Justin Courtlandt was one of those mentors. “When I first met Hanson, he was eager to build a connection,” Courtlandt recalls. “Hanson knew what he wanted to accomplish and had a clear plan for achieving his goals.”

“Justin is someone who continued to throw himself at me,” Rodriguez says. “His persistence broke open my need for others.”

Staying open to the future

Coming from a low-income community with an incarcerated father, it might have been easier for Rodriguez to draw inward, but he says his willingness to pursue other opportunities was the fuel for his critical 180 moment.

“I just think it’s so important to be open,” he says. “Find those uncomfortable spaces, and get comfortable with being uncomfortable. Sticking with opportunities even when I was uncomfortable sparked so much growth and led to more opportunities.”

After TFI, Rodriguez started studying finance because he always wanted to be good with money. However, by coming to know himself better through community support, he shifted his focus to supply chain management and fashion.

“Figuring out a career path is so hard,” Rodriguez says. “I chose supply chain management because it can be practical knowledge for running a business in any industry and because I saw how Covid hit the supply chain so hard, and I know that field needs good people."

And he's still remaining open.
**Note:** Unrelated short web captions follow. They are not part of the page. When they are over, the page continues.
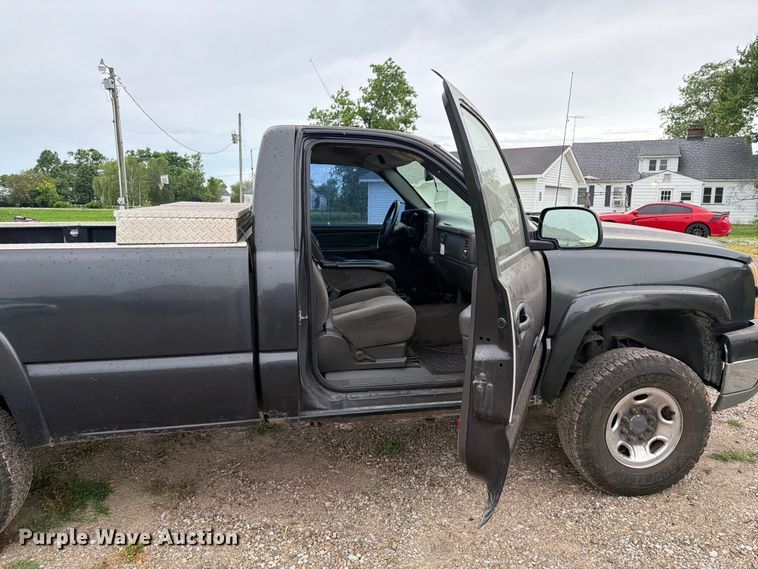 image for item FC3123 2005 Chevrolet Silverado pickup truck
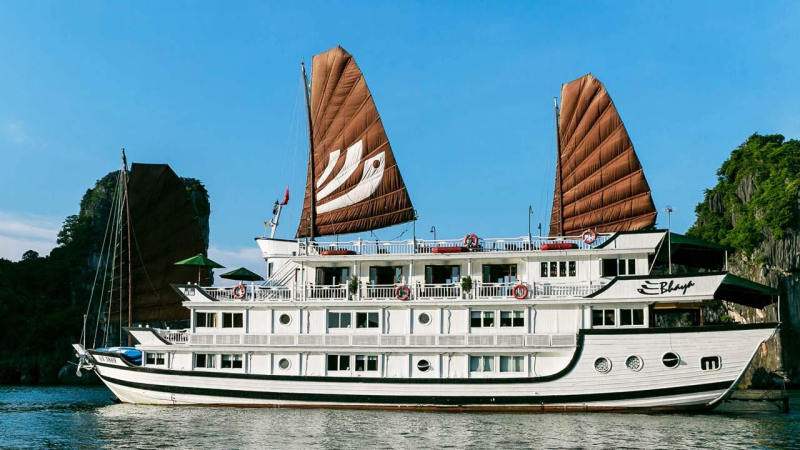 Du thuyền Nhây của Công ty TNHH Du thuyền Bhaya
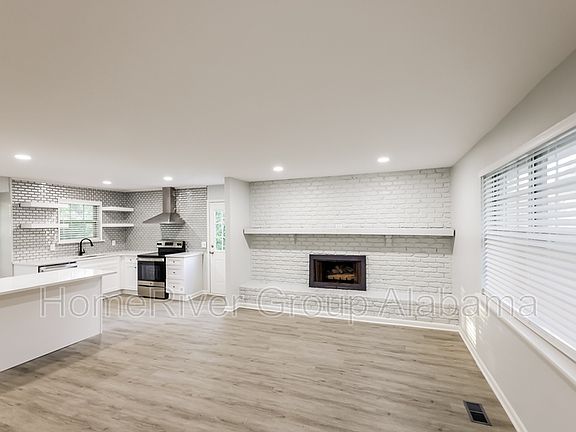 4th image of 5252 Goldmar Dr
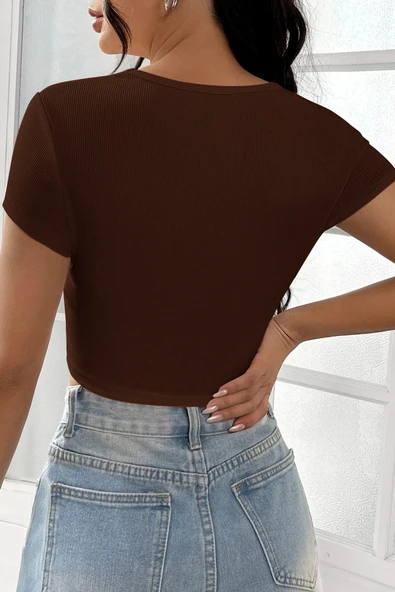 Kadın Zarif Dokunuş Kahverengi Yarım Kol Düz Yaka Crop Top Bluz ürün görseli 1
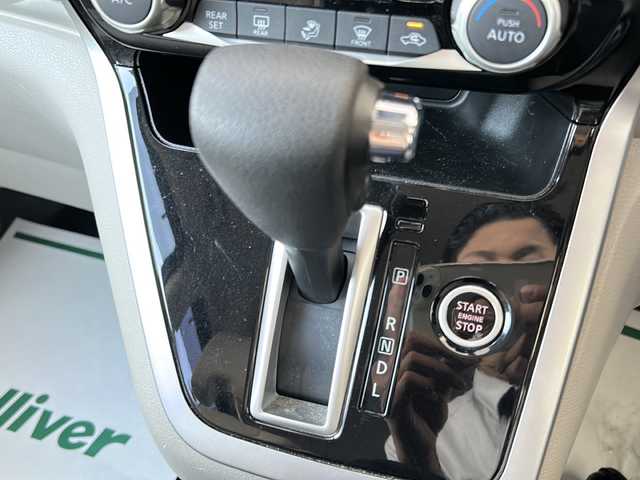 日産 セレナ S 神奈川県 2018(平30)年 11.1万km シャイニングブルー ワンオーナー/片側パワースライドドア/衝突軽減ブレーキ/クルーズコントロール/オートライト/フォグランプ/純正フロアマット/純正ドアバイザー/スペアキー×１/取扱説明書/保証書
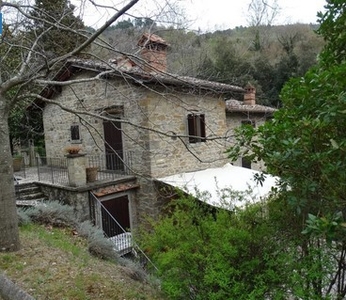 Casa indipendente in Via Santa Maria Nuova - Cortona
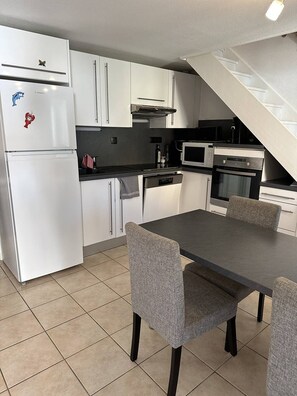 Kjøleskap, mikrobølgeovn, ovn og oppvaskmaskin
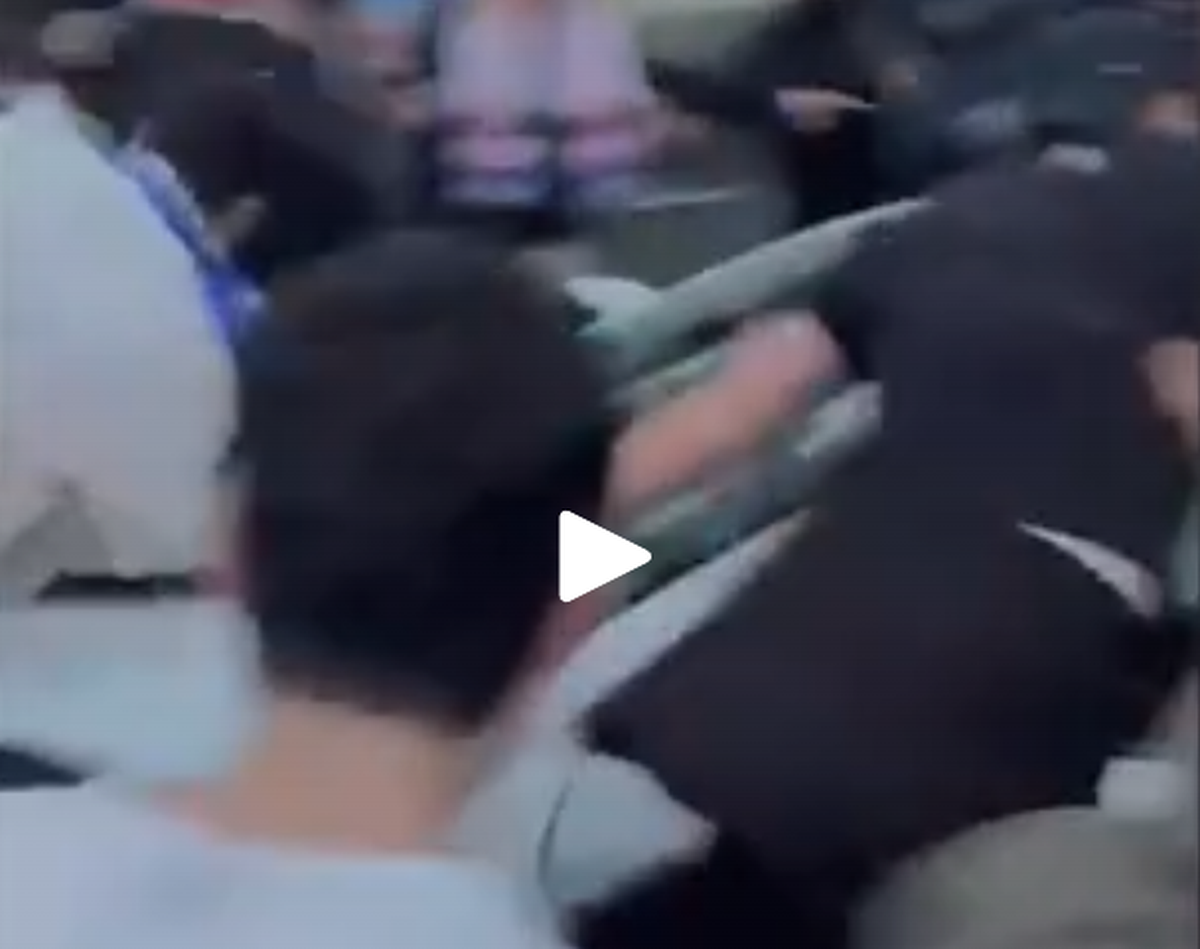 Scene șocante, înainte de Espanyol - Barcelona: a intrat cu mașina în mulțimea de suporteri, lângă stadion! Atenție, imagini cu puternic impact emoțional!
He's interning with a cosmetics brand, serving as a liaison for a modeling agency, serving as a treasurer for the Coalition of Activist Students Celebrating the Acceptance of Diversity and Equality, and volunteering as a member of a professional business fraternity.

With all of that on his plate, Rodriguez hopes to work for a fashion company with sustainable supply chain management. But that doesn’t mean his career in finance is over.

“I wanted to pursue finance because of my goal to make it out, but having learned about it, I also want to teach people about financial literacy,” Rodriguez says. “I'm coming from a low-income neighborhood, so I want teaching finance to be a way to give back to my community.”

“I believe this commitment to helping others is a result of his innate character and the influence of TFI, which instilled in him the importance of leadership through service,” Courtlandt says. “Throughout his time in the program and beyond, Hanson has demonstrated a genuine desire to uplift others as he continues to grow himself, and that is emblematic of TFI’s mission.”

As for Rodriguez, he credits TFI for helping him break out of his shell. “TFI helped begin the molding process for who I wanted to become,” Rodriguez says. “It made me more comfortable with being uncomfortable, and it gave me the chance to better understand myself and become more confident.”

The opinions, findings and experiences expressed in this article are those of the interviewee and do not necessarily reflect the views of JPMorganChase or any of its affiliates. They may not be representative of all perspectives or of results that other Program participants may achieve. Neither JPMorganChase nor any of its affiliates are liable for any decisions made or actions taken in reliance on the testimonial information provided.